Patch application report for D7899 (id=28484)

Could not rebase; Attempt merge onto 32236e69eb...

Updating 32236e6..ecc84f3
Fast-forward
 swh/indexer/cli.py                        |  60 ++++++++++----
 swh/indexer/indexer.py                    |  64 ++++++++++++---
 swh/indexer/metadata.py                   |  27 ++++---
 swh/indexer/tests/test_cli.py             | 130 +++++++++++++++++++++++++++++-
 swh/indexer/tests/test_indexer.py         |  18 ++++-
 swh/indexer/tests/test_origin_metadata.py |   2 +-
 6 files changed, 260 insertions(+), 41 deletions(-)
Changes applied before test
commit ecc84f37600dde55754c7fa783707d21a6ace293
Author: Valentin Lorentz <vlorentz@softwareheritage.org>
Date:   Wed May 25 15:37:13 2022 +0200

    Add support for indexing directly from the journal client
    
    Before this commit, the journal client only created scheduler tasks,
    which then run the indexers.
    
    This commit adds support for a new flow: skipping the scheduler,
    to run indexers directly.
    This new behavior is triggered by adding a new argument on the CLI,
    which is the name of the indexer to run (currently, only
    `origin-intrinsic-metadata`).
    
    This has the following consequences:
    
    * a crash in an indexer will now hang the whole thing (which is
      arguably good)
    * the journal client will probably need to be parallelized to
      keep up with the load
    * we can remove an existence check for origins
    
    In term of deployment:
    
    1. stop the old journal client
    2. wait for all tasks to finish
    3. stop and remove celery workers and queues
    4. start the new journal client (it can reuse the group_id to avoid
       re-indexing, but I think it is a good opportunity to reindex because
       of all the temporary failures we had over time)

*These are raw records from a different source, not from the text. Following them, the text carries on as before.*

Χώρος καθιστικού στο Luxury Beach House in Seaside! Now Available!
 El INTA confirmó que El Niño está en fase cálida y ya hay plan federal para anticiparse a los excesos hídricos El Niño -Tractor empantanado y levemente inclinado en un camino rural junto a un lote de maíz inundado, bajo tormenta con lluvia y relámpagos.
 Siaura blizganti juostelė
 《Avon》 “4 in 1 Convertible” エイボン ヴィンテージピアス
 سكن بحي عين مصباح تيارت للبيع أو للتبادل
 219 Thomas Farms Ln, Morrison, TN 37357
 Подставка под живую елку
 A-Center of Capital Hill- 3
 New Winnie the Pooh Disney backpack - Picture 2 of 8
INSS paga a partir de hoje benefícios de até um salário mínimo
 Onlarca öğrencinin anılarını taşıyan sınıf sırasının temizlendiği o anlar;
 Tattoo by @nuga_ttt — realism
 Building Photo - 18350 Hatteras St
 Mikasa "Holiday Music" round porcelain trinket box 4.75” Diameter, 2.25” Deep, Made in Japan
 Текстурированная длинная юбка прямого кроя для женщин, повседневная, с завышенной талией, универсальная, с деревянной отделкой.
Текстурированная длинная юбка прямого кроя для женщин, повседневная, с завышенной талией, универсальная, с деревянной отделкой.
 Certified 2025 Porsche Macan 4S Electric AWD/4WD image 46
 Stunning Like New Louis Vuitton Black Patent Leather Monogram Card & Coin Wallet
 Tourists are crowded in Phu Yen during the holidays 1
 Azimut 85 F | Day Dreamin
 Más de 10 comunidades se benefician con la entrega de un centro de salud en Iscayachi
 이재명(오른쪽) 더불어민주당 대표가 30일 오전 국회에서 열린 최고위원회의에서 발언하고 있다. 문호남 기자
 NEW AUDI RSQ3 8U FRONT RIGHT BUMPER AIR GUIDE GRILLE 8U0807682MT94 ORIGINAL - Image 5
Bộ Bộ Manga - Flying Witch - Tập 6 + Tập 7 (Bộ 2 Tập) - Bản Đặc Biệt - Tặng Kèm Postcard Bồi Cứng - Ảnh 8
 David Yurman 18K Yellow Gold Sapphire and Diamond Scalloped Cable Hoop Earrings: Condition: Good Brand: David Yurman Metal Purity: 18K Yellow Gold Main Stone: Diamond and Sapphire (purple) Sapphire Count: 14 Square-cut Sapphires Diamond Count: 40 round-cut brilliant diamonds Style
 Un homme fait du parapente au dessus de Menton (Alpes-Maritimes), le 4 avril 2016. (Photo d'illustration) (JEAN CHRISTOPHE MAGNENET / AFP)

commit 35ff46ef5bb2acf6d93b1cc18f9ad1378d09cba8
Author: Valentin Lorentz <vlorentz@softwareheritage.org>
Date:   Wed May 25 14:47:41 2022 +0200

    Refactor base indexers to provide a process_journal_objects method
    
    It will be used in a future commit to run indexers directly from
    a journal client.

See https://jenkins.softwareheritage.org/job/DCIDX/job/tests-on-diff/231/ for more details.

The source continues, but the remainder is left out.